1) Tell claude my idea with as much as I know, ask it to ask me questions. This could go on for a few rounds. (Opus)
2) Run a validate skill on the plan, reviewer with a different prompt (Opus)
3) codex reviews the plan, always finds a few small items after the above 2.
4) claude opus implements in 1 shot, usually 99% accurate, then I manually test.
If I stay on target with those steps I always have good outcomes, but it is time consuming.
In my case I have Gemini CLI, so I tell Gemini to use the little python script called gatekeeper.py to validate it's plan before each phase with Qwen, Kimi, or (if nothing else is getting good results) ChatGPT 5.2 Thinking. Qwen & Kimi are via fireworks.ai so it's much cheaper than ChatGPT. The agent is not allowed to start work until one of the "experts" approves it via gatekeeper. Similarly it can't mark a phase as complete until the gatekeeper approves the code as bug free and up to standards and passes all unit tests & linting.
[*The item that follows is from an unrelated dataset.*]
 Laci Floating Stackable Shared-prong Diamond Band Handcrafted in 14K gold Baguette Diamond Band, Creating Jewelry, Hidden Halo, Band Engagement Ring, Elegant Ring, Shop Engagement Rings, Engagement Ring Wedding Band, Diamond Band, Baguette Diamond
Lately Kimi is good enough, but when it's really stuck it will sometimes bother ChatGPT. Seldom does it get all the way to the bottom of the pile and need my input. Usually it's when my instructions turned out to be vague.
I also have it use those larger thinking models for "expert consultation" when it's spent more than 100 turns on any problem and hasn't made progress by it's own estimation.